## MATERIAL SHOWN
++++++++++

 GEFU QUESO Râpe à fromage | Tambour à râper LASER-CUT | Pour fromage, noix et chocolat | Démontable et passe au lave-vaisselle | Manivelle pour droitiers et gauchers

++++++++++

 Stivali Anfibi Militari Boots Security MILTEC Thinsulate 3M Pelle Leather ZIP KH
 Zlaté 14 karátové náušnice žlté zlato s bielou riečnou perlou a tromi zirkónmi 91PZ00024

++++++++++

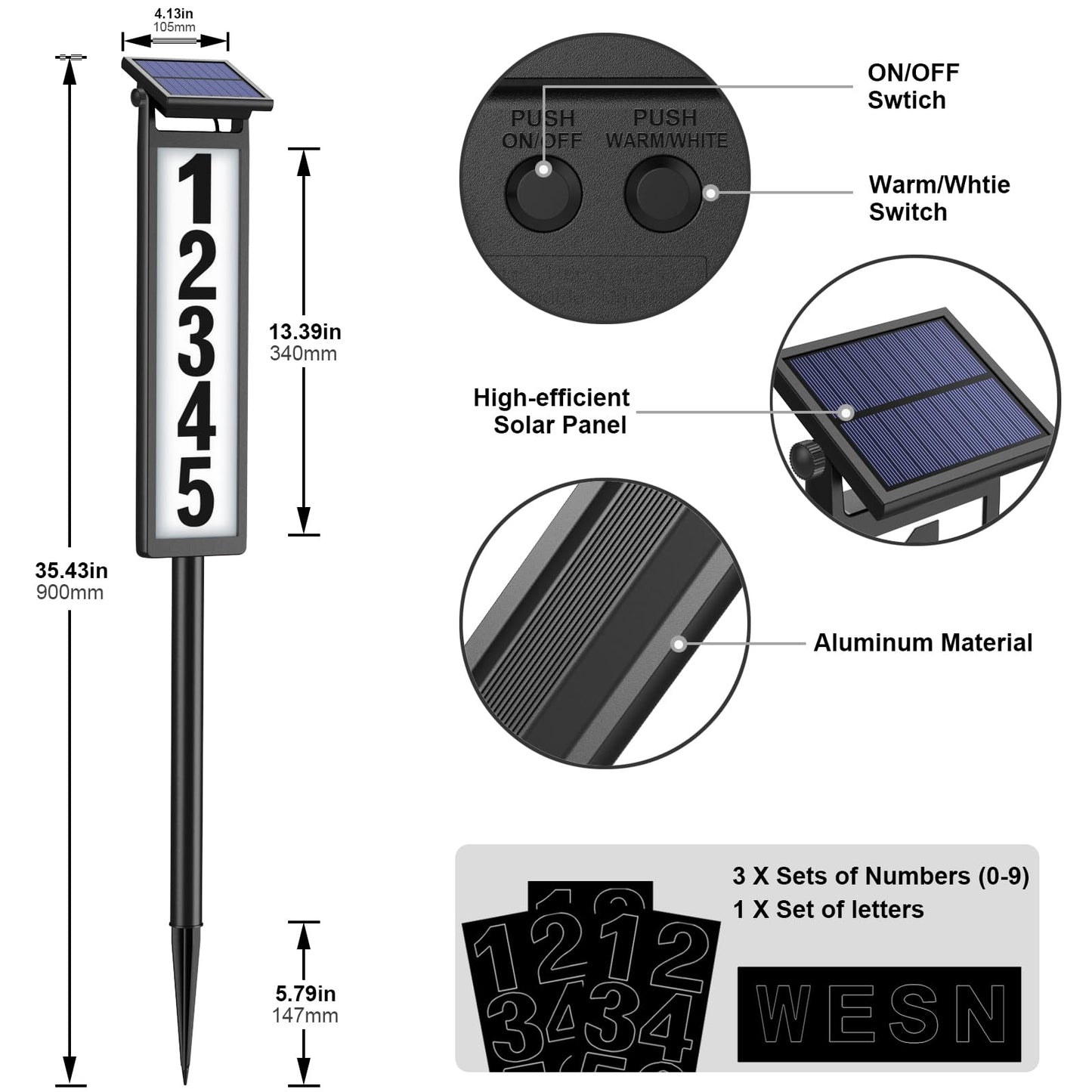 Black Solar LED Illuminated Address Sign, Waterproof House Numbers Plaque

++++++++++

## YOUR TASK
Please transcribe exactly the lines above from the line that has "Stivali Anfibi Militari" up to and including the line that has "Zlaté 14 karátové"; no other line belongs in the answer.

## SOLUTION FOR THIS EXERCISE
 Stivali Anfibi Militari Boots Security MILTEC Thinsulate 3M Pelle Leather ZIP KH
 Zlaté 14 karátové náušnice žlté zlato s bielou riečnou perlou a tromi zirkónmi 91PZ00024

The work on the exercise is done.